Guru, Kiranagi, and Nagabhushan introduce a nonsymmetric similarity measure for objects (patterns) that are defined by interval type data features. In the computations, each feature is taken as a separate similarity dimension. The overall similarity between two objects (in the paper it is referred to as “mutual similarity value”) is obtained by adding their similarities to each other (two vectors) using the triangular law of addition. The object-by-object similarity matrix is used for the implementation of a single-link type agglomerative clustering algorithm.
The authors assess their approach using three different data sets, and show that it is effective. They also compare their results with that of five other methods that use various similarity measures. Based on these experimental observations, the authors state that their approach is superior, due to reasons such as computational efficiency and no need for a user provided input parameter. However, note that, with small data sets--for example eight objects and five data futures of the “fats and oils data” used in the experiments--and with the computational power of today’s computers, the efficiency cannot be a concern.
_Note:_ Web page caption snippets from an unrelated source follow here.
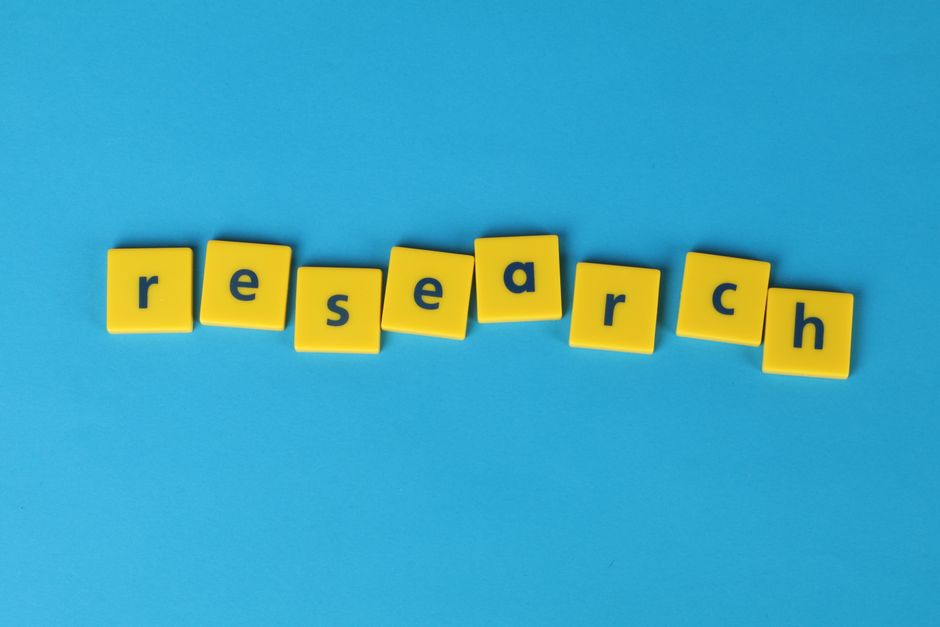 Yellow letter tiles spell the word 'research' on a vibrant blue surface, perfect for educational themes.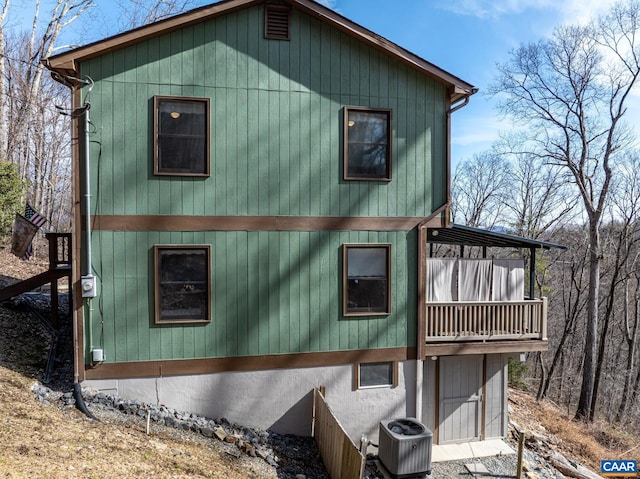 view of side of home with cooling unit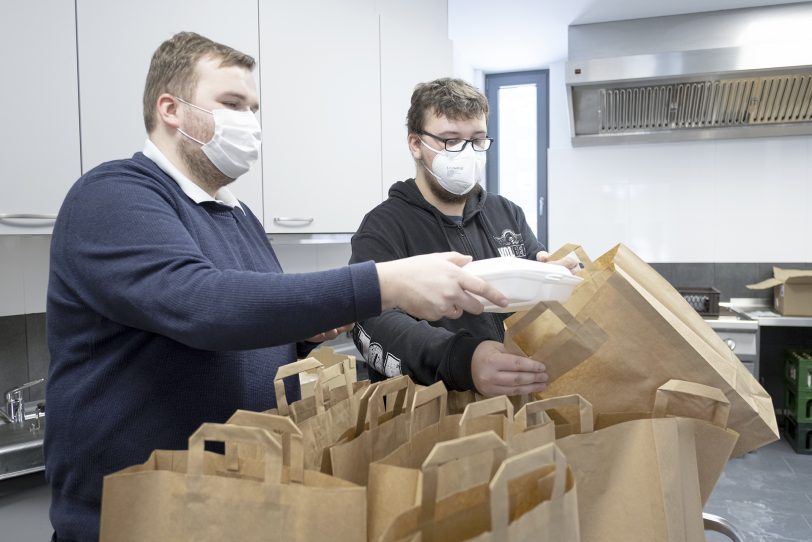 Holger Spies (li.) und Leon Brandt packen in der Küche die Tüten.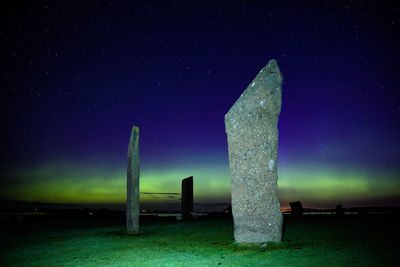 Northern light with stones of stenness, orkney islands, uk. 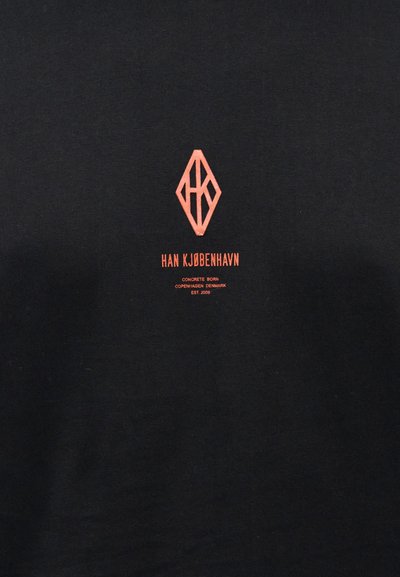 Čierne bavlnené tričko s červeným diamantom a textom "HAN KØBENHAVN" s nápisom "CONCRETE BORN" pod ním, umiestnené v strede na hrudi.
Scalability of the effectiveness in large data sets needs further investigation.
Another nonsymmetric similarity measure, the cover coefficient concept [1], is introduced for clustering textual databases. It employs the document word frequencies as the data features. Although the data feature types are different, both similarity measures are comparable (but not identical): with some imagination, computations of the measures can conceptually be mapped to each other.